Start of Materials provided

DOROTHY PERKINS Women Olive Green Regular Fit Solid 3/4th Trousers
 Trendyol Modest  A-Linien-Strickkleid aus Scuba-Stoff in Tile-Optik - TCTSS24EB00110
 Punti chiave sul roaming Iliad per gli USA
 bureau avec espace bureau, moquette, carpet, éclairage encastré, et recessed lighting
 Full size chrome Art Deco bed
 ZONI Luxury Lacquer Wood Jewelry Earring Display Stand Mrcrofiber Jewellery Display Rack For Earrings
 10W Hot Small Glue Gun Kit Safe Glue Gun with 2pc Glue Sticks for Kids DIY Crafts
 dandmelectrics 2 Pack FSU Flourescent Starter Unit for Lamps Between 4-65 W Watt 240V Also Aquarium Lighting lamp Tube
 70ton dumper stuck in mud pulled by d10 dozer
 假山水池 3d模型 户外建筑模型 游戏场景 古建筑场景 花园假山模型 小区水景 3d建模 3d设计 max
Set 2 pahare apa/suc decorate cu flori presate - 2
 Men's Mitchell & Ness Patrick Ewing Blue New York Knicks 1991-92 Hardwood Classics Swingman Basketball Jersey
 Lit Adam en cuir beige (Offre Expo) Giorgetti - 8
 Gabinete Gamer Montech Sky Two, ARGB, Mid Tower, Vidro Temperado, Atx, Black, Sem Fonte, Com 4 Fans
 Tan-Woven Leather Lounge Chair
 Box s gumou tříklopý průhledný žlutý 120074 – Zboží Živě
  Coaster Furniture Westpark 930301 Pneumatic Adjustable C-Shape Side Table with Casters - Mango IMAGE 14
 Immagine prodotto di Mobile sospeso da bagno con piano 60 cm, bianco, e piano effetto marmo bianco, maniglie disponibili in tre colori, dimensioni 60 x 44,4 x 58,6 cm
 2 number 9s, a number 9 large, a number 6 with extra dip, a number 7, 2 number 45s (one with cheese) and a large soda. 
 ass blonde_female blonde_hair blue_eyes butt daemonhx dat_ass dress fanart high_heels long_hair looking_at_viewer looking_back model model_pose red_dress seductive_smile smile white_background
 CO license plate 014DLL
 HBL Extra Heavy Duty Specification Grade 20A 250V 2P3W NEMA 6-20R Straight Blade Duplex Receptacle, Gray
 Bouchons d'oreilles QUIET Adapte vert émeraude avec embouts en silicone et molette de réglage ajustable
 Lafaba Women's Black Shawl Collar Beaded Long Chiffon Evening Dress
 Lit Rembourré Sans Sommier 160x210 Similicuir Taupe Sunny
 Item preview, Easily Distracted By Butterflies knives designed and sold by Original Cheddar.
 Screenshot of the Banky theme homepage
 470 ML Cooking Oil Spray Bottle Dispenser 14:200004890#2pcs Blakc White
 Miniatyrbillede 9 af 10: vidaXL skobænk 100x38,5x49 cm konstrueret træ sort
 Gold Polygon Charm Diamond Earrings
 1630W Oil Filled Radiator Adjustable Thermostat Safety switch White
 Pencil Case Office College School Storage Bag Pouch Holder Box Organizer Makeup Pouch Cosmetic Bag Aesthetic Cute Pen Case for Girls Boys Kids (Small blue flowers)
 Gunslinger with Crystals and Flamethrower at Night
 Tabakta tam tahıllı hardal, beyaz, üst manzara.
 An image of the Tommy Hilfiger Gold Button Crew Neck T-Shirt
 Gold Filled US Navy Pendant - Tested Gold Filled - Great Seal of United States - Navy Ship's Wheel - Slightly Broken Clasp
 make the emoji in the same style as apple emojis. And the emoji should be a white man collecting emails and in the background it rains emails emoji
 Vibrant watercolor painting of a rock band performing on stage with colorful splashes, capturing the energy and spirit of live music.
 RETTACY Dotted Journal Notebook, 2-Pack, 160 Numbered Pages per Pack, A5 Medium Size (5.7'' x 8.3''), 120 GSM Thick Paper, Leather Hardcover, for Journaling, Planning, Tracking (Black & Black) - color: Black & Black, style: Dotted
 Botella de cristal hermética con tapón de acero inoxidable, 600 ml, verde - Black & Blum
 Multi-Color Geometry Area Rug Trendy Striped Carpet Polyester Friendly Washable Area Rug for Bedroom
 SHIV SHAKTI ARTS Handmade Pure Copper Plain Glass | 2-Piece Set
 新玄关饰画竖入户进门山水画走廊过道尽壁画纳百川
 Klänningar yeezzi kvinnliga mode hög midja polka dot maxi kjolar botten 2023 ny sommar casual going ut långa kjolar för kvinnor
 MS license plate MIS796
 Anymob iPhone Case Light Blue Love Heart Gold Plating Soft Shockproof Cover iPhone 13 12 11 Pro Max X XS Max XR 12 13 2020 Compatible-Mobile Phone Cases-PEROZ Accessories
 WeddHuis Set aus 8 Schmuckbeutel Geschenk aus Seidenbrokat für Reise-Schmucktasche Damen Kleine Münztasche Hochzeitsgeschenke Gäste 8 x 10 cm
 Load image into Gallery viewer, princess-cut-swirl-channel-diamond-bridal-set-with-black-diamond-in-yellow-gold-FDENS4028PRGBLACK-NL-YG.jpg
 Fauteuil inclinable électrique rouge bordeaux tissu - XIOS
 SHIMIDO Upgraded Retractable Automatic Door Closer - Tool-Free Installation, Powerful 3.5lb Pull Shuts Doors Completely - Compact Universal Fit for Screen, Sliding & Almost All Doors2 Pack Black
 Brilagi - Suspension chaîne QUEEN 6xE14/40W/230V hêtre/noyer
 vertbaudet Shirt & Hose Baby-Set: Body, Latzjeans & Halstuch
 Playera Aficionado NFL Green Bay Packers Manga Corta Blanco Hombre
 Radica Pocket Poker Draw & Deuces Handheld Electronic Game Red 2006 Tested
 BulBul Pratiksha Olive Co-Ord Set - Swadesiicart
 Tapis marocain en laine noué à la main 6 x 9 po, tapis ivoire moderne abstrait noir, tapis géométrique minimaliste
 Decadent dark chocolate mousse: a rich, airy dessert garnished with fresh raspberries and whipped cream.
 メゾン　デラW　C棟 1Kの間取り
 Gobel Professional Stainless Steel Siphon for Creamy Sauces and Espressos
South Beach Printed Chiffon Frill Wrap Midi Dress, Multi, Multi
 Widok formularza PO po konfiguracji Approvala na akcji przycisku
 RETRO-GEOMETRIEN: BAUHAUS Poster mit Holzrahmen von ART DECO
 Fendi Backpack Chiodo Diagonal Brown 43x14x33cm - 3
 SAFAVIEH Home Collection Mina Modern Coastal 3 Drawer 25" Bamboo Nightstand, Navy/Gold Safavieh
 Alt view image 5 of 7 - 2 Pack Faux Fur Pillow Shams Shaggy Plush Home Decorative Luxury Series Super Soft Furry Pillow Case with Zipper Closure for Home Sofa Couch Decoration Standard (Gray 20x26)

End of Materials provided

-- Work request --
Repeat each line of the data exactly as it appears above.

-- Answer box --
DOROTHY PERKINS Women Olive Green Regular Fit Solid 3/4th Trousers
 Trendyol Modest  A-Linien-Strickkleid aus Scuba-Stoff in Tile-Optik - TCTSS24EB00110
 Punti chiave sul roaming Iliad per gli USA
 bureau avec espace bureau, moquette, carpet, éclairage encastré, et recessed lighting
 Full size chrome Art Deco bed
 ZONI Luxury Lacquer Wood Jewelry Earring Display Stand Mrcrofiber Jewellery Display Rack For Earrings
 10W Hot Small Glue Gun Kit Safe Glue Gun with 2pc Glue Sticks for Kids DIY Crafts
 dandmelectrics 2 Pack FSU Flourescent Starter Unit for Lamps Between 4-65 W Watt 240V Also Aquarium Lighting lamp Tube
 70ton dumper stuck in mud pulled by d10 dozer
 假山水池 3d模型 户外建筑模型 游戏场景 古建筑场景 花园假山模型 小区水景 3d建模 3d设计 max
Set 2 pahare apa/suc decorate cu flori presate - 2
 Men's Mitchell & Ness Patrick Ewing Blue New York Knicks 1991-92 Hardwood Classics Swingman Basketball Jersey
 Lit Adam en cuir beige (Offre Expo) Giorgetti - 8
 Gabinete Gamer Montech Sky Two, ARGB, Mid Tower, Vidro Temperado, Atx, Black, Sem Fonte, Com 4 Fans
 Tan-Woven Leather Lounge Chair
 Box s gumou tříklopý průhledný žlutý 120074 – Zboží Živě
  Coaster Furniture Westpark 930301 Pneumatic Adjustable C-Shape Side Table with Casters - Mango IMAGE 14
 Immagine prodotto di Mobile sospeso da bagno con piano 60 cm, bianco, e piano effetto marmo bianco, maniglie disponibili in tre colori, dimensioni 60 x 44,4 x 58,6 cm
 2 number 9s, a number 9 large, a number 6 with extra dip, a number 7, 2 number 45s (one with cheese) and a large soda. 
 ass blonde_female blonde_hair blue_eyes butt daemonhx dat_ass dress fanart high_heels long_hair looking_at_viewer looking_back model model_pose red_dress seductive_smile smile white_background
 CO license plate 014DLL
 HBL Extra Heavy Duty Specification Grade 20A 250V 2P3W NEMA 6-20R Straight Blade Duplex Receptacle, Gray
 Bouchons d'oreilles QUIET Adapte vert émeraude avec embouts en silicone et molette de réglage ajustable
 Lafaba Women's Black Shawl Collar Beaded Long Chiffon Evening Dress
 Lit Rembourré Sans Sommier 160x210 Similicuir Taupe Sunny
 Item preview, Easily Distracted By Butterflies knives designed and sold by Original Cheddar.
 Screenshot of the Banky theme homepage
 470 ML Cooking Oil Spray Bottle Dispenser 14:200004890#2pcs Blakc White
 Miniatyrbillede 9 af 10: vidaXL skobænk 100x38,5x49 cm konstrueret træ sort
 Gold Polygon Charm Diamond Earrings
 1630W Oil Filled Radiator Adjustable Thermostat Safety switch White
 Pencil Case Office College School Storage Bag Pouch Holder Box Organizer Makeup Pouch Cosmetic Bag Aesthetic Cute Pen Case for Girls Boys Kids (Small blue flowers)
 Gunslinger with Crystals and Flamethrower at Night
 Tabakta tam tahıllı hardal, beyaz, üst manzara.
 An image of the Tommy Hilfiger Gold Button Crew Neck T-Shirt
 Gold Filled US Navy Pendant - Tested Gold Filled - Great Seal of United States - Navy Ship's Wheel - Slightly Broken Clasp
 make the emoji in the same style as apple emojis. And the emoji should be a white man collecting emails and in the background it rains emails emoji
 Vibrant watercolor painting of a rock band performing on stage with colorful splashes, capturing the energy and spirit of live music.
 RETTACY Dotted Journal Notebook, 2-Pack, 160 Numbered Pages per Pack, A5 Medium Size (5.7'' x 8.3''), 120 GSM Thick Paper, Leather Hardcover, for Journaling, Planning, Tracking (Black & Black) - color: Black & Black, style: Dotted
 Botella de cristal hermética con tapón de acero inoxidable, 600 ml, verde - Black & Blum
 Multi-Color Geometry Area Rug Trendy Striped Carpet Polyester Friendly Washable Area Rug for Bedroom
 SHIV SHAKTI ARTS Handmade Pure Copper Plain Glass | 2-Piece Set
 新玄关饰画竖入户进门山水画走廊过道尽壁画纳百川
 Klänningar yeezzi kvinnliga mode hög midja polka dot maxi kjolar botten 2023 ny sommar casual going ut långa kjolar för kvinnor
 MS license plate MIS796
 Anymob iPhone Case Light Blue Love Heart Gold Plating Soft Shockproof Cover iPhone 13 12 11 Pro Max X XS Max XR 12 13 2020 Compatible-Mobile Phone Cases-PEROZ Accessories
 WeddHuis Set aus 8 Schmuckbeutel Geschenk aus Seidenbrokat für Reise-Schmucktasche Damen Kleine Münztasche Hochzeitsgeschenke Gäste 8 x 10 cm
 Load image into Gallery viewer, princess-cut-swirl-channel-diamond-bridal-set-with-black-diamond-in-yellow-gold-FDENS4028PRGBLACK-NL-YG.jpg
 Fauteuil inclinable électrique rouge bordeaux tissu - XIOS
 SHIMIDO Upgraded Retractable Automatic Door Closer - Tool-Free Installation, Powerful 3.5lb Pull Shuts Doors Completely - Compact Universal Fit for Screen, Sliding & Almost All Doors2 Pack Black
 Brilagi - Suspension chaîne QUEEN 6xE14/40W/230V hêtre/noyer
 vertbaudet Shirt & Hose Baby-Set: Body, Latzjeans & Halstuch
 Playera Aficionado NFL Green Bay Packers Manga Corta Blanco Hombre
 Radica Pocket Poker Draw & Deuces Handheld Electronic Game Red 2006 Tested
 BulBul Pratiksha Olive Co-Ord Set - Swadesiicart
 Tapis marocain en laine noué à la main 6 x 9 po, tapis ivoire moderne abstrait noir, tapis géométrique minimaliste
 Decadent dark chocolate mousse: a rich, airy dessert garnished with fresh raspberries and whipped cream.
 メゾン　デラW　C棟 1Kの間取り
 Gobel Professional Stainless Steel Siphon for Creamy Sauces and Espressos
South Beach Printed Chiffon Frill Wrap Midi Dress, Multi, Multi
 Widok formularza PO po konfiguracji Approvala na akcji przycisku
 RETRO-GEOMETRIEN: BAUHAUS Poster mit Holzrahmen von ART DECO
 Fendi Backpack Chiodo Diagonal Brown 43x14x33cm - 3
 SAFAVIEH Home Collection Mina Modern Coastal 3 Drawer 25" Bamboo Nightstand, Navy/Gold Safavieh
 Alt view image 5 of 7 - 2 Pack Faux Fur Pillow Shams Shaggy Plush Home Decorative Luxury Series Super Soft Furry Pillow Case with Zipper Closure for Home Sofa Couch Decoration Standard (Gray 20x26)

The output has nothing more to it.